Your assignment. Go through the listing and set it down exactly, leaving out its pictures.

Available data.
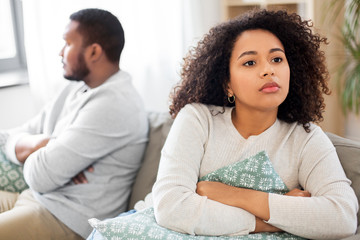 relationship difficulties, conflict and people concept - unhappy african american couple having...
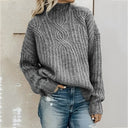 Olivia Damen Strickpullover mit Zopfmuster – Gemütlicher Pullover mit hohem Kragen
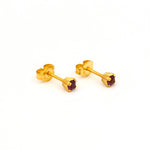 Load image into Gallery viewer, 3MM Amethyst February Birthstone 24K Pure Gold Plated Ear Studs For Kids

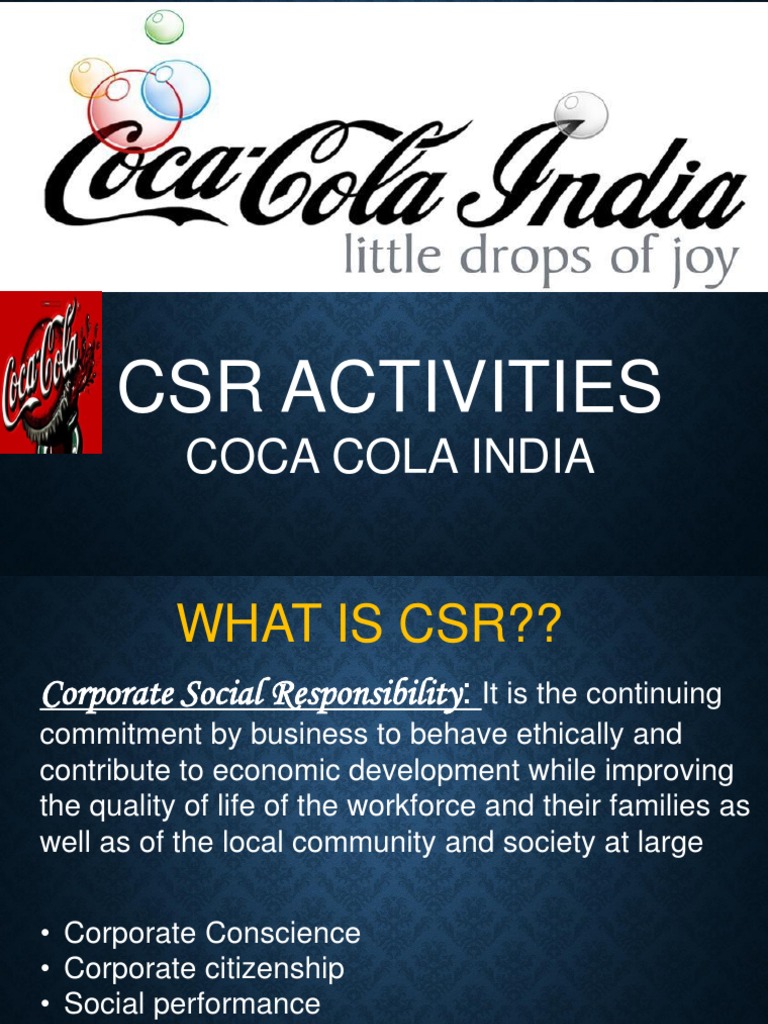 Coca Cola | PDF | Corporate Social Responsibility | Coca Cola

Output of the task.
 relationship difficulties, conflict and people concept - unhappy african american couple having...
 Olivia Damen Strickpullover mit Zopfmuster – Gemütlicher Pullover mit hohem Kragen
 Load image into Gallery viewer, 3MM Amethyst February Birthstone 24K Pure Gold Plated Ear Studs For Kids

 Coca Cola | PDF | Corporate Social Responsibility | Coca Cola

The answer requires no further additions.